Kubernetes Cluster: Troubleshooting
The Kubernetes Cluster package is an extremely complicated product, which includes multiple steps required to set up the solution. Herewith, each action can fail due to various reasons, which should be analyzed to prevent problem occurrence in the future. Below, we’ll overview the main troubleshooting steps during the different stages and for multiple log files:
Installation of a Kubernetes cluster is a complex but fully automated process, which already includes an error handling mechanism. The platform automatically processes the most common issues and shows their root cause directly in the dashboard. Herewith, for more complex issues, you can Send Report to the support team via the appropriate widget.
Such a report includes installation logs, error messages, and all other debug information required.

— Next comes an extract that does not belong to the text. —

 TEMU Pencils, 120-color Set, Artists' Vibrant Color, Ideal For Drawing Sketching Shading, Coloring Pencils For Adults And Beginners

Also, the package automatically verifies all of the cluster components after installation. The relevant details can be viewed via the /var/log/k8s-health-check.log file on the master node. A dedicated utility script checks the health of the following components: Weave CNI Plugin, Ingres Controller, Metrics Server, Kubernetes Dashboard, Node Problem Detector, Monitoring Tools, Remote API, NFS Storage, Sample App.

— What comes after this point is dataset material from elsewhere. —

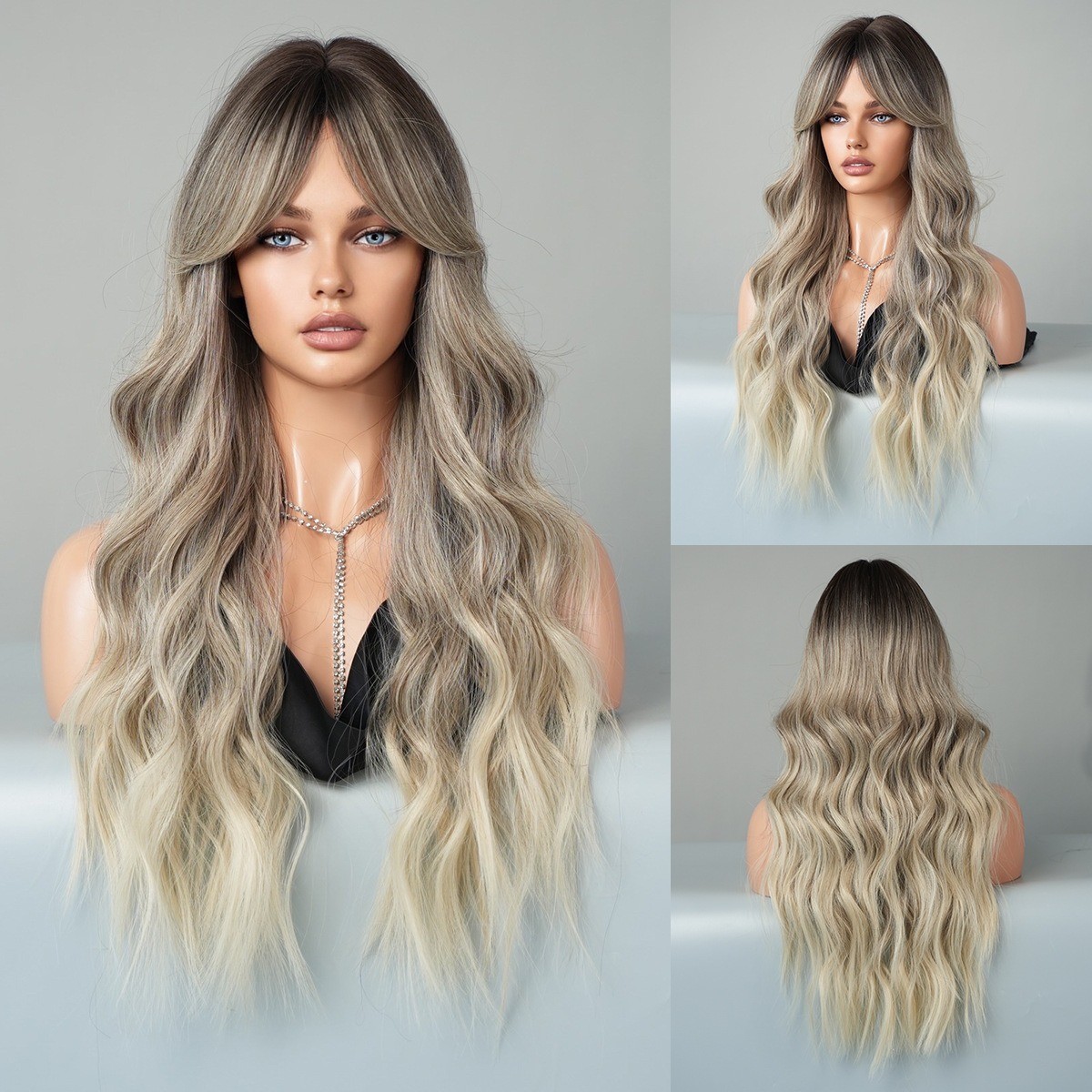 Bronze-golden long curly hair full head cover made of synthetic fiber with waves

If the health checker fails to verify the Running status of a component, the appropriate notification will be displayed in the installation success frame. Herewith, such a warning is not always caused by the cluster malfunction (e.g. deployments can be still in progress). You can run the kubectl get pods –all-namespaces command to check the pods' state. If all of them are Running, your cluster is doing just fine. Otherwise, contact platform support and attach K8s related logs from the /var/log directory.

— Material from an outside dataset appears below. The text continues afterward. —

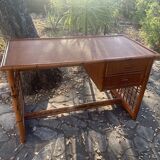 Desk and armchair rattan and vintage bamboo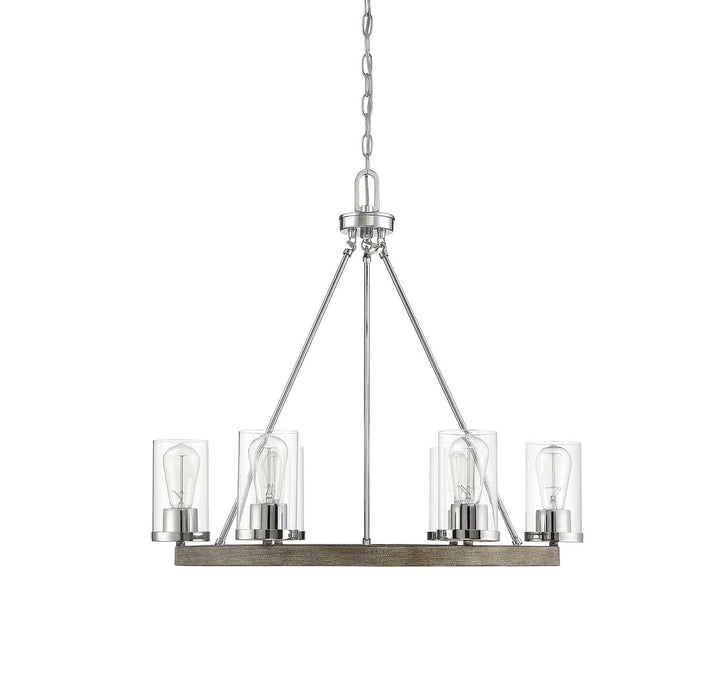 Meridian Mchan M10070GWCH Chandelier Light - Greywood Chrome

You can use kubectl or Kubernetes Dashboard to track and analyze events for the particular or all namespaces at one (the sufficient permissions are required):
After scheduling pod(s) to run on a free node, you can follow the appropriate logs via:
- Kubernetes Dashboard - navigate to the pod page and click the Logs button in the top right corner
- kubectl - utilize commands for the pods management
For example, these logs can help find the root cause of the “Back-off restart failed container” event for your pods.